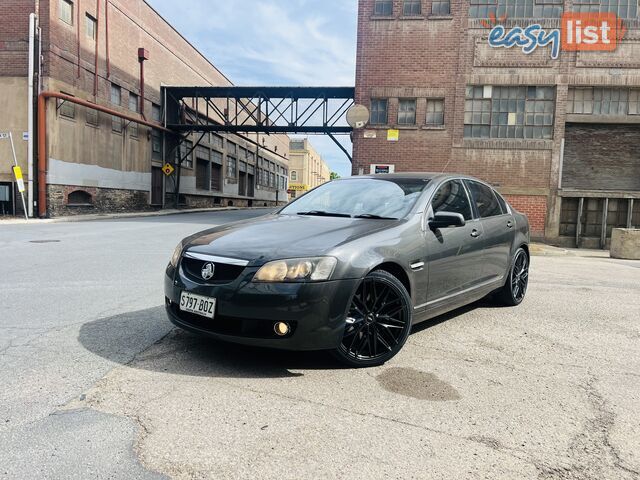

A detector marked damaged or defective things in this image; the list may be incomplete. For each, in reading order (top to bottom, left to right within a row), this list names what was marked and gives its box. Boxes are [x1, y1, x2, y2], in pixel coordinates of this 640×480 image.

cracked pavement [1, 211, 640, 480]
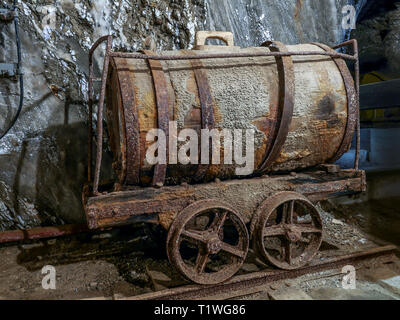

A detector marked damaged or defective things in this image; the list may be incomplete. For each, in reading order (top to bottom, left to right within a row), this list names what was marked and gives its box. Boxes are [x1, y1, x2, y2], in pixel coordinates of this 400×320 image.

rusty metal bar [92, 35, 112, 195]
rusted iron band [115, 58, 141, 184]
rusted iron band [143, 48, 170, 186]
rusty metal bar [143, 50, 170, 188]
rusted iron band [188, 51, 216, 180]
rusted iron band [256, 41, 294, 174]
rusty metal bar [258, 41, 296, 174]
rusted iron band [310, 42, 358, 164]
rusty metal bar [330, 39, 360, 170]
rusty metal bar [0, 224, 88, 244]
rusty metal bar [122, 245, 396, 300]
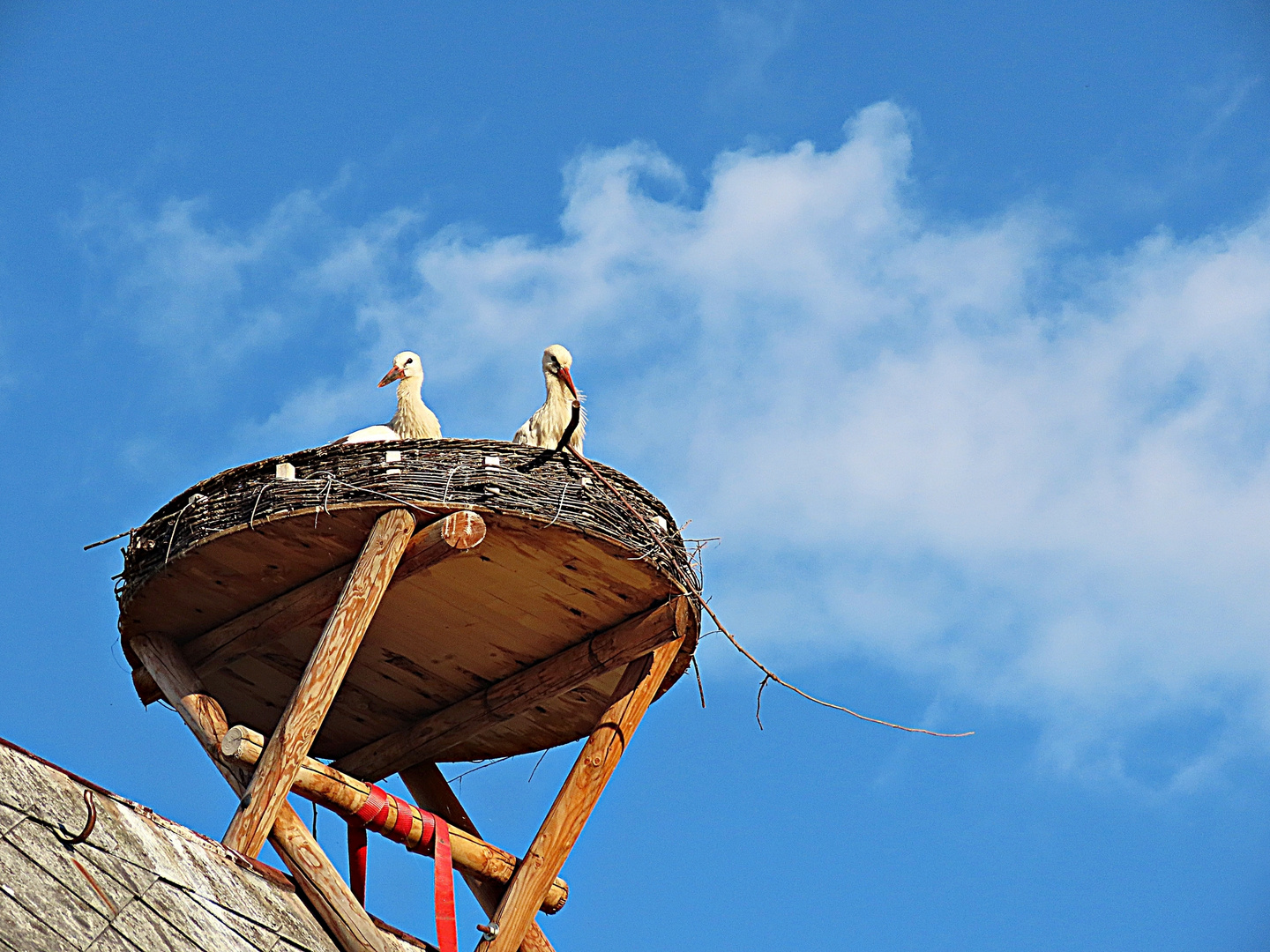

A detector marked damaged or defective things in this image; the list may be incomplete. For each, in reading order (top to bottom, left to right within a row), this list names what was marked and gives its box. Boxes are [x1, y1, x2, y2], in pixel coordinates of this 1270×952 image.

rusty hook [60, 790, 96, 846]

### WHAT THE EXERCISE ASKS
Set down exactly the lines of the listing above, from the line holding "this 1270×952 image." through its last line, with nothing added.

### WRITTEN ANSWER
A detector marked damaged or defective things in this image; the list may be incomplete. For each, in reading order (top to bottom, left to right within a row), this list names what was marked and gives its box. Boxes are [x1, y1, x2, y2], in pixel coordinates of this 1270×952 image.

rusty hook [60, 790, 96, 846]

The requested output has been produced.